**Problem to solve**: Don't include pictures. Quote the lines below from the first through the line that contains "the dagger and".
╭──
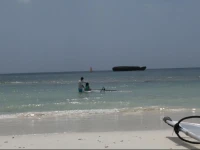 Watamu Turtle Bay Villa 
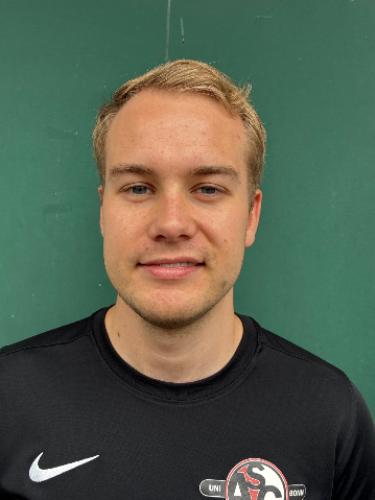 Lars Brost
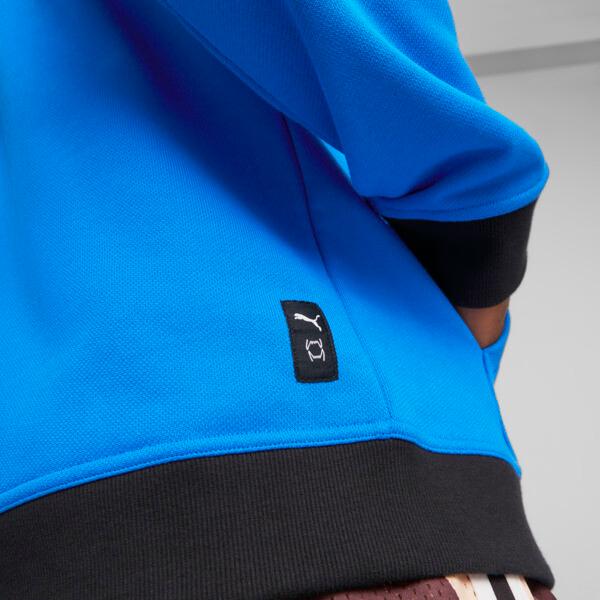 PUMA Clyde's Closet Men's Basketball Pullover Product Image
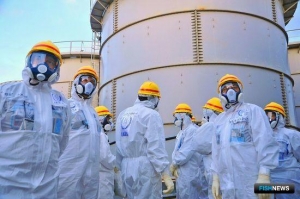Япония компенсирует рыбакам потери из-за сбросов с «Фукусимы-1»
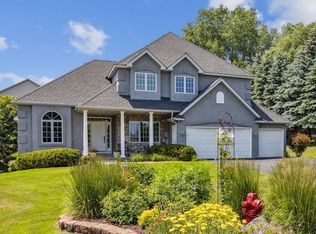 13790 Candice Ln, Eden Prairie, MN 55346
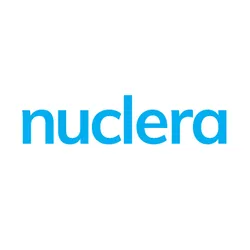 Logo of Nuclera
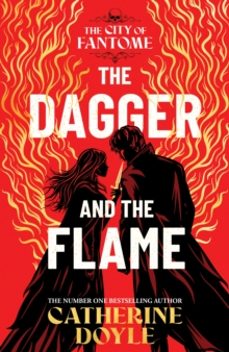 the dagger and the flame-catherine doyle-9781398528376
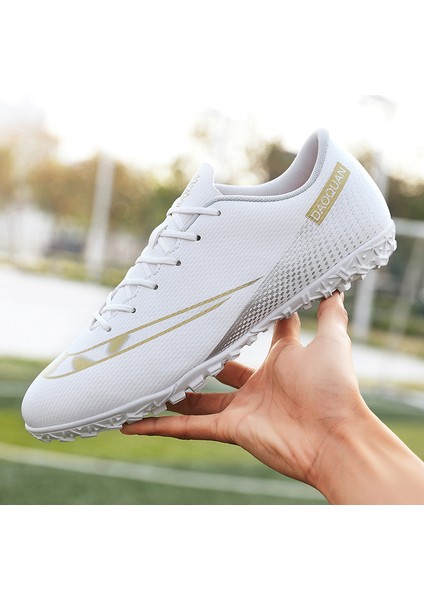 Doğa Sporları Futbol Ayakkabıları Çiviler Kramponlar (Yurt Dışından)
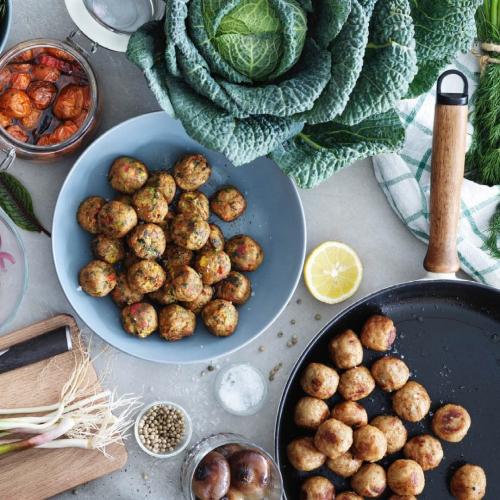 Want To Make Your Own Ikea Swedish Meatballs? They’ve Given Us The Recipe!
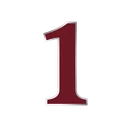 1Red Casino Logo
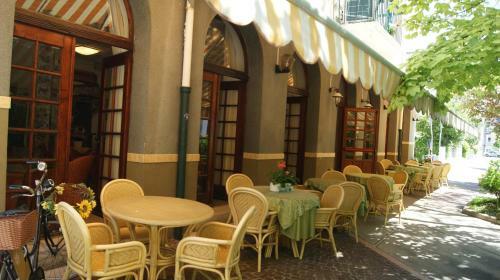 Hotel Milano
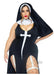 Sultry Sinner 3 Piece Costume - SexToy.com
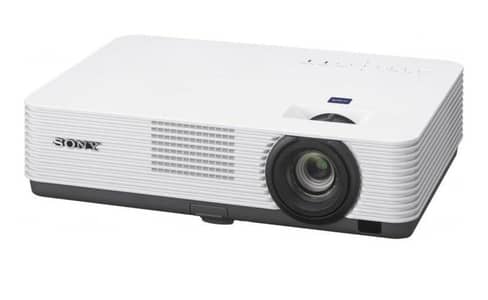 Sony VPL-DX221 Multimedia Projector (Open Box)
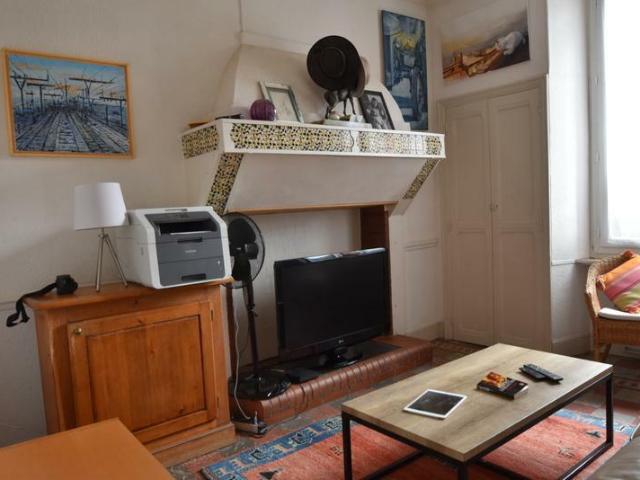 Maison vente à Narbonne, Homps
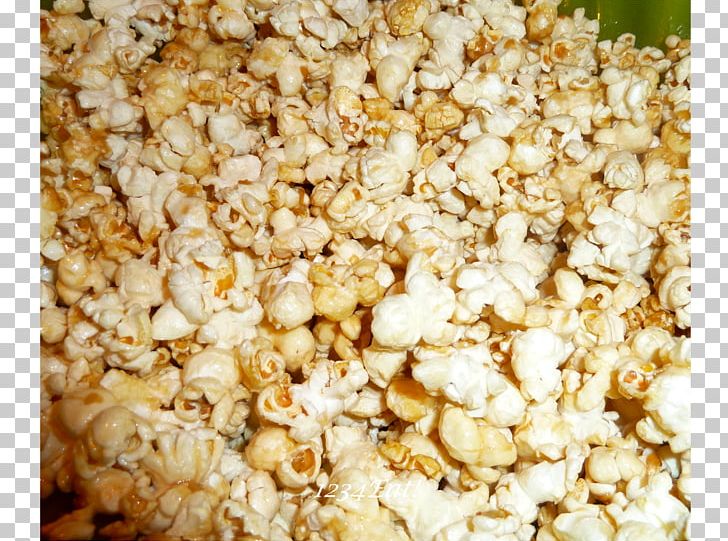 Popcorn Kettle Corn Caramel Corn Commodity Mixture PNG, Clipart, Butter, Caramel Corn, Commodity, Corn, Food Free PNG Download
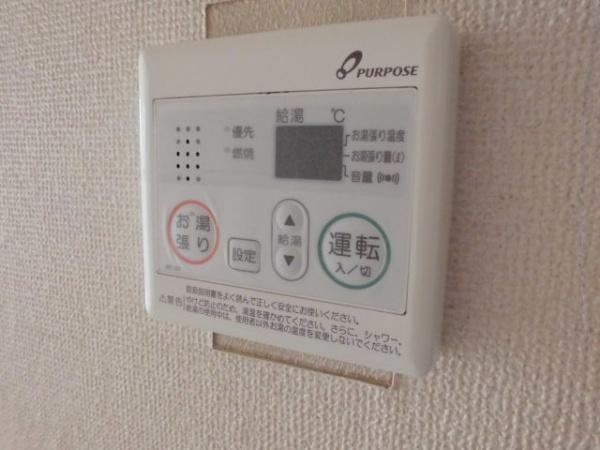 ネオマイム鶴見フルレゾン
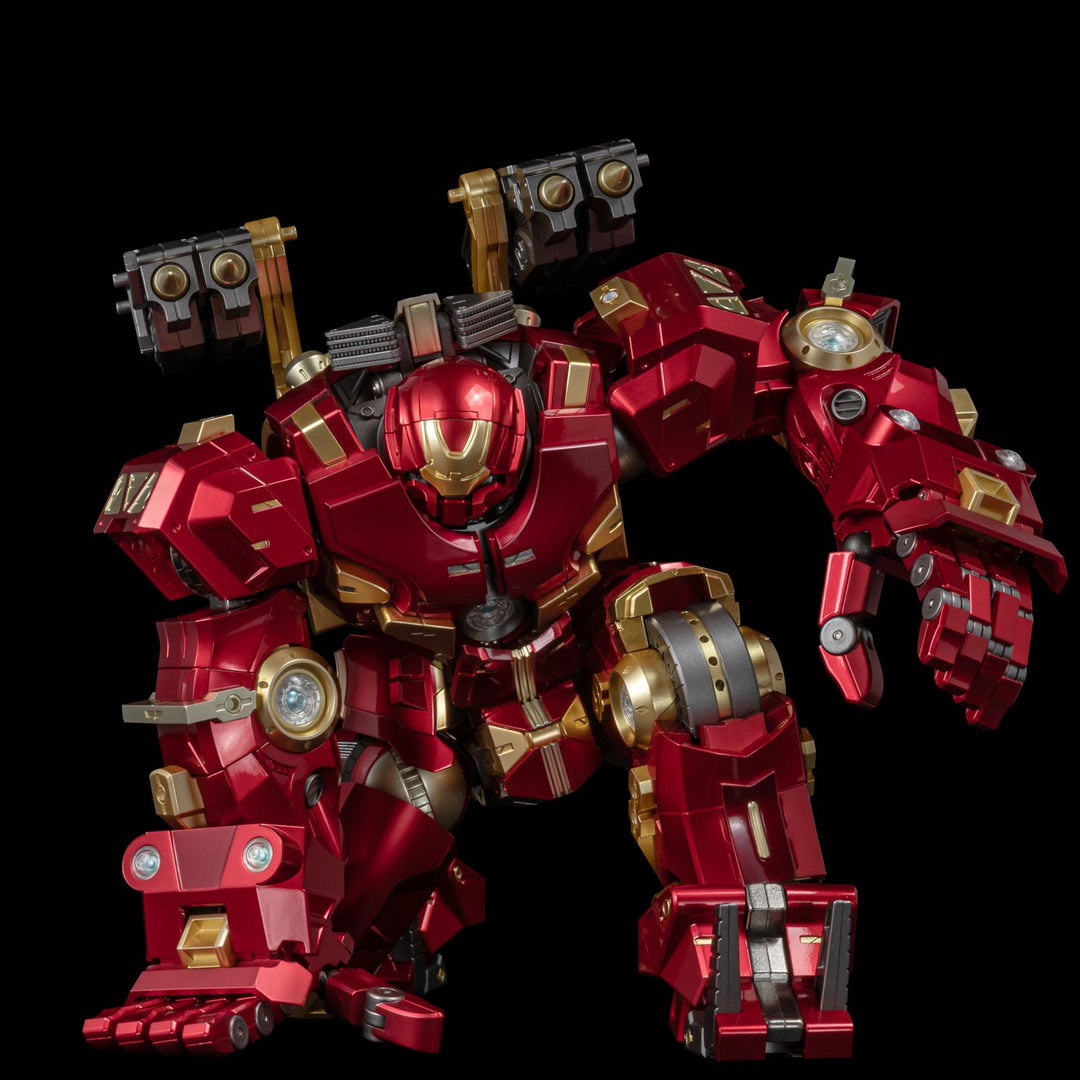 ファイティングアーマー ハルクバスター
╰──
**Answer to this task**:
 Watamu Turtle Bay Villa 
 Lars Brost
 PUMA Clyde's Closet Men's Basketball Pullover Product Image
Япония компенсирует рыбакам потери из-за сбросов с «Фукусимы-1»
 13790 Candice Ln, Eden Prairie, MN 55346
 Logo of Nuclera
 the dagger and the flame-catherine doyle-9781398528376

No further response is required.